[<prev] [next>] [<thread-prev] [thread-next>] [day] [month] [year] [list]
Message-ID: <a10d63840b02c4bbe1c027e5f230e4799f87ddda.camel@intel.com>
Date: Mon, 27 Mar 2023 09:54:40 +0000
From: "Huang, Kai" <kai.huang@...el.com>
To: "isaku.yamahata@...il.com" <isaku.yamahata@...il.com>
CC: "Christopherson,, Sean" <seanjc@...gle.com>,
"Shahar, Sagi" <sagis@...gle.com>,
"linux-kernel@...r.kernel.org" <linux-kernel@...r.kernel.org>,
"Aktas, Erdem" <erdemaktas@...gle.com>,
"dmatlack@...gle.com" <dmatlack@...gle.com>,
"kvm@...r.kernel.org" <kvm@...r.kernel.org>,
"zhi.wang.linux@...il.com" <zhi.wang.linux@...il.com>,
"pbonzini@...hat.com" <pbonzini@...hat.com>,
"Yamahata, Isaku" <isaku.yamahata@...el.com>
Subject: Re: [PATCH v13 057/113] KVM: TDX: MTRR: implement get_mt_mask() for
TDX
On Fri, 2023-03-24 at 18:12 -0700, Isaku Yamahata wrote:
> On Thu, Mar 16, 2023 at 10:38:02AM +0000,
> "Huang, Kai" <kai.huang@...el.com> wrote:
>
> > On Sun, 2023-03-12 at 10:56 -0700, isaku.yamahata@...el.com wrote:
> > > From: Isaku Yamahata <isaku.yamahata@...el.com>
> > >
> > > Because TDX virtualize cpuid[0x1].EDX[MTRR: bit 12] to fixed 1, guest TD
> > > thinks MTRR is supported. Although TDX supports only WB for private GPA,
> > > it's desirable to support MTRR for shared GPA. As guest access to MTRR
> > > MSRs causes #VE and KVM/x86 tracks the values of MTRR MSRs, the remining
> > > part is to implement get_mt_mask method for TDX for shared GPA.
> > >
> > > Pass around shared bit from kvm fault handler to get_mt_mask method so that
> > > it can determine if the gfn is shared or private.
> > >
> >
> > I think we have an Xarray to query whether a given GFN is shared or private?
> > Can we use that?
> >
> > > Implement get_mt_mask()
> > > following vmx case for shared GPA and return WB for private GPA.

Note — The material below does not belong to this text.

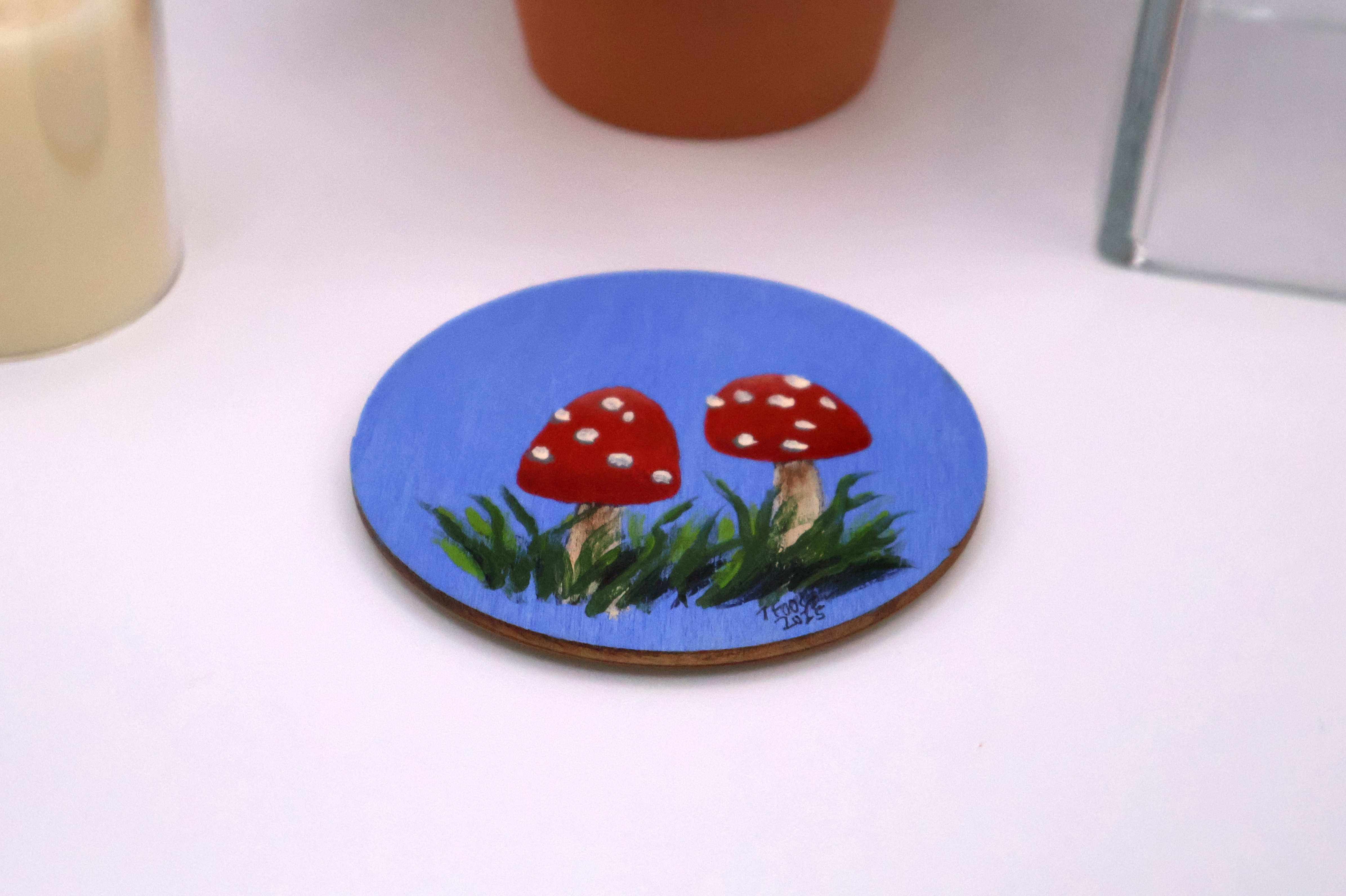 Handcrafted Wooden Mushroom Magnet - BLU3 - Image 2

> > > the existing vmx_get_mt_mask() can't be directly used as CPU state(CR0.CD)
> > > is protected. GFN passed to kvm_mtrr_check_gfn_range_consistency() should
> > > include shared bit.
> > >
> > > Suggested-by: Kai Huang <kai.huang@...el.com>
> >
> > I am not sure what is suggested by me?
> >
> > I thought what I suggested is we should have a dedicated patch to handle MTRR
> > for TDX putting all related things together.
>
> Sure. After looking at the specs, my conclusion is that guest TD can't update
> MTRR reliably. Because MTRR update requires to disable cache(CR0.CR=1), cache
> flush, and tlb flush. (SDM 3a 12.11.7: MTRR maintenance programming interface)
> Linux implements MTRR update logic according to it.
>
> While TDX enforces CR0.CD=0, trying to set CR0.CD=1 results in #GP. At the
> same time, it reports that MTRR is available via cpuid. So I come up with the
> followings.
>
> - MTRRCap(RO): report no feature available
> SMRR=0: SMRR interface unsupported
> WC=0: write combining unsupported
> FIX=0: Fixed range registers unsupported
> VCNT=0: number of variable range regitsers = 0
>
> - MTRRDefType(R/W): Only writeback even with reset state.
> E=1: enable MTRR (E=0 means all memory is UC.)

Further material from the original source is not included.